Pabst Brewing, known for reviving faded beer brands, is bringing back one of the most popular ales of the 20th century: Ballantine.
Starting September, Pabst will start selling Ballantine India Pale Ale in six packs and larger bottles in the Northeast.
Ballantine, a craft beer, was once one of the biggest selling brews in the U.S. and was a sponsor of the New York Yankees in the 1940's and 50's.
But Ballantine went into decline after the 1960's and was bought by various investors who didn't quite understand the beer business.
However, craft beer is hot again as is India Pale Ale. Overall beer sales have been down for four of the past five years, but craft beer sales grew 17% last year, and represents about 20% of the overall $100 billion dollar beer market, according to the Brewers Association.
"Ballantine is an older brand that basically disappeared," said Eric Shepard of Beer Marketer's Insights. "But this makes sense because (India Pale Ales) are the hottest segment of the craft beer market right now."

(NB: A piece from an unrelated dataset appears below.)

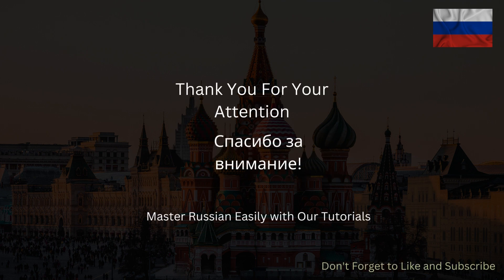Well done! For more interesting content, hit the like and subscribe buttons below.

Pabst has owned the Ballantine brand for nearly 40 years, but it wasn't until two years ago that it started to think about reviving the brand and bringing it back in its original form.
However, the original formula had disappeared because the brewery had undergone changes under different owners.
"The greatest challenge was doing the historical research," said Gregory Deuhs, Pabst's Master Brewer. "We had to go back and read first-hand accounts of the ale's flavor."
Craft beers are typically brewed in smaller batches compared to the commercial variety and also have more specialized flavors. India Pale Ale focuses on the hops component in the ale which accounts for the bitter flavor in the brew, something that is prized by beer aficionados.
In bringing back Ballantine, Pabst is once again trying to bottle nostalgia. Its century-old Blue Ribbon beer suddenly became popular among young people about a decade ago when snow boarders took a shine to it and the beer was featured on TV shows such as South Park and Breaking Bad.
The Ballantine brand goes all the way back to the 1870's when Scottish immigrant Peter Ballantine built a brewery in Newark, N.J.